Sorti en 1971 aux États-Unis et le 14 janvier 1972 en France, French Connection, de l’américain William Friedkin, va rapidement s’imposer comme un classique du cinéma américain de la seconde moitié du XX ème siècle. Le film est un représentant de ce que la postérité va appeler « le nouvel Hollywood ». Servi par un casting de qualité, une technique rondement maîtrisée et une bande-originale du compositeur Don Ellis, French Connection est un film à ne pas manquer, un classique du cinéma policier.

Le film tire son nom d’une véritable organisation criminelle internationale mise en place dès le début du XX ème siècle et ce jusqu’aux années 1960-1970, qui marquent l’apogée du système ainsi que son démantèlement. Durant les heures de gloires de la « French », la France exportait entre 40 et 45 tonnes d’héroïne vers les États-Unis chaque année.
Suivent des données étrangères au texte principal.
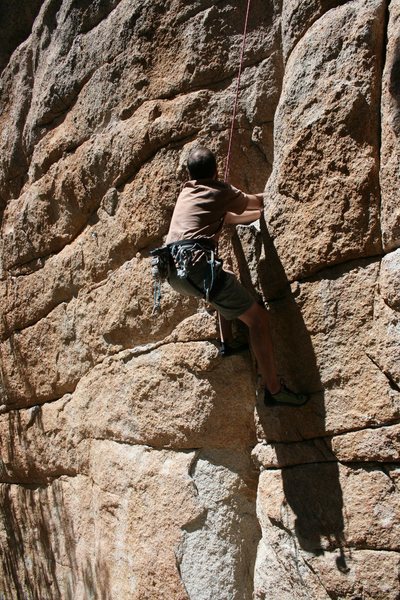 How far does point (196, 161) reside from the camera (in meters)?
4.17

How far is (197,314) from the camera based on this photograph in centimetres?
472

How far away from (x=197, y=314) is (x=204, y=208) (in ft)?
2.76

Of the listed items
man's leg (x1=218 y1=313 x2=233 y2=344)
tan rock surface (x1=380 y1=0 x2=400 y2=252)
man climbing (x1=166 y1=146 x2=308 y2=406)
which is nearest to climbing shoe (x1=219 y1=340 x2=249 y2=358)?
man's leg (x1=218 y1=313 x2=233 y2=344)

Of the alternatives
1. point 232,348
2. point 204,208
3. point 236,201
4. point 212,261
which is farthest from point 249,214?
point 232,348

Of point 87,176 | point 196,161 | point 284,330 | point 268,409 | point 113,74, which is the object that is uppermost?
point 113,74

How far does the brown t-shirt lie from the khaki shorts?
0.21m

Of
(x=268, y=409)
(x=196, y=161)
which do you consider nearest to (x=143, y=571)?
(x=268, y=409)

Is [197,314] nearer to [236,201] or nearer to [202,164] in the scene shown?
[236,201]

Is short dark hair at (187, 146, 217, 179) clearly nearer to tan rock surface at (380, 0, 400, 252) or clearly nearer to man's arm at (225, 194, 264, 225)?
man's arm at (225, 194, 264, 225)

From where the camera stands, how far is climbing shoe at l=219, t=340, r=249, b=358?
14.7 feet

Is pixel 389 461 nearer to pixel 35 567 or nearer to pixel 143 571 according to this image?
pixel 143 571

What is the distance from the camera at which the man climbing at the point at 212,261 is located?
13.2ft

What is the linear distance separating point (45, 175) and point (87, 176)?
0.81 metres

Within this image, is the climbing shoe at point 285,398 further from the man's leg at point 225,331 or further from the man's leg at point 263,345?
the man's leg at point 225,331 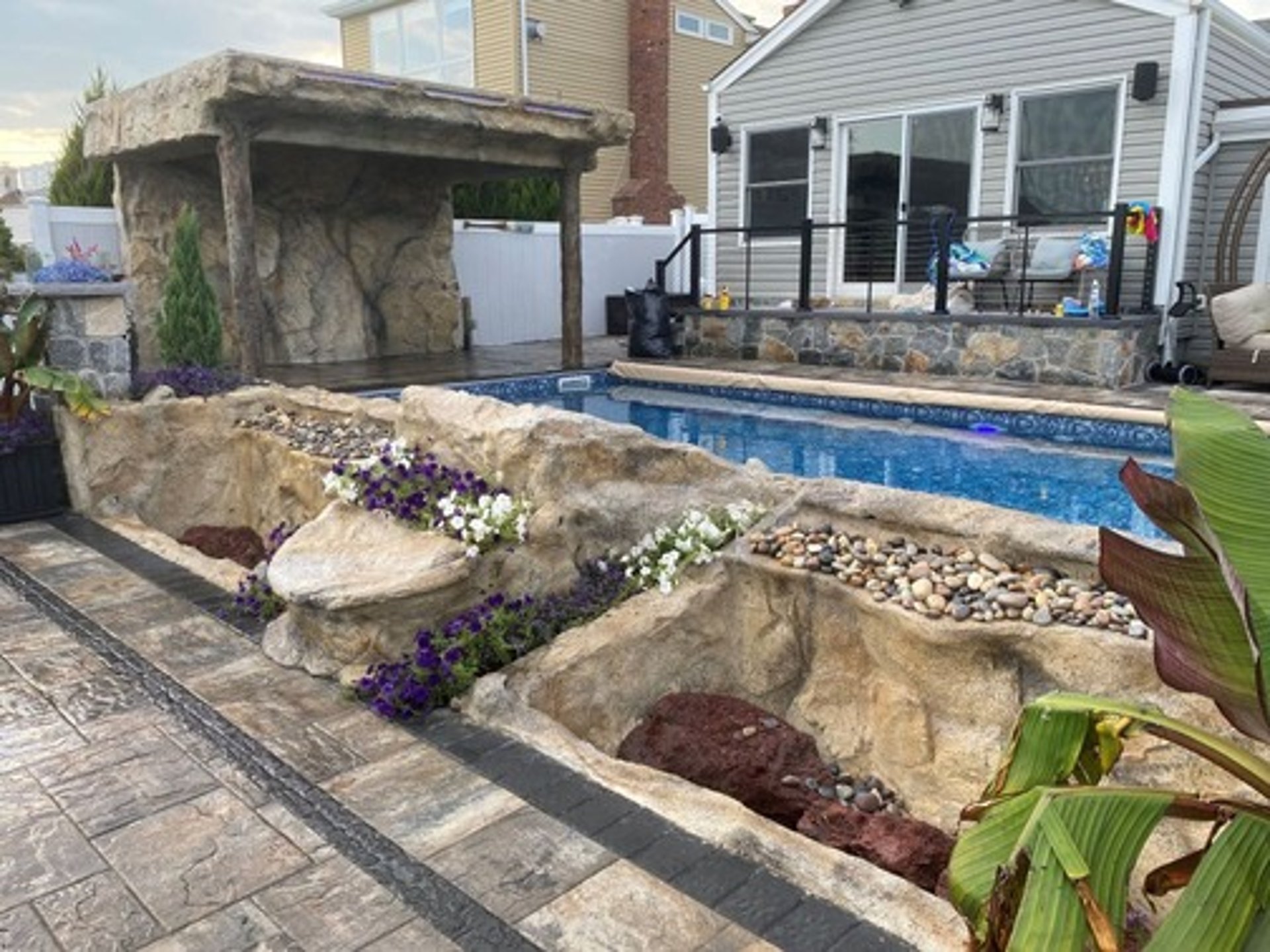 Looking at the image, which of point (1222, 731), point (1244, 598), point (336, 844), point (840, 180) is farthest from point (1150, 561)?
point (840, 180)

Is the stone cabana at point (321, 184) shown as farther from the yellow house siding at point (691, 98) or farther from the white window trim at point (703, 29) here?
the white window trim at point (703, 29)

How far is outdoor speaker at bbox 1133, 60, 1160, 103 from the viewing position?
386 inches

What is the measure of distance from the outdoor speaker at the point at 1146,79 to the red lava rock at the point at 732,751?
29.4 ft

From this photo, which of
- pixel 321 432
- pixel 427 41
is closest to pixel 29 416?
pixel 321 432

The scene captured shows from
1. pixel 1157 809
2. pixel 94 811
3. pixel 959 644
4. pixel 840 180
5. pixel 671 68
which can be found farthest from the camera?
pixel 671 68

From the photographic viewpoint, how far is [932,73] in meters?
11.7

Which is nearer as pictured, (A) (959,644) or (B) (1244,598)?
(B) (1244,598)

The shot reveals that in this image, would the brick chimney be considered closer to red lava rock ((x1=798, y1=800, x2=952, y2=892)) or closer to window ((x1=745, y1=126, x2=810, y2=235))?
window ((x1=745, y1=126, x2=810, y2=235))

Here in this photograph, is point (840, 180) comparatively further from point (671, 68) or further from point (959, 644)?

Le système était en grande partie contrôlé par des membres des milieux marseillais, corse et italien. Le port de Marseille étant l’un des plus actifs au monde, mais aussi l’un des plus proches du Moyen-Orient et de l’Asie, il servait de lieu de réception, de transformation et d’exportation de l’héroïne vers les États-Unis, où une partie non négligeable de la population en était usagère. C’était en particulier le cas de beaucoup de jeunes désœuvrés de retour du Vietnam, sans possibilité de réinsertion stable dans la société civile.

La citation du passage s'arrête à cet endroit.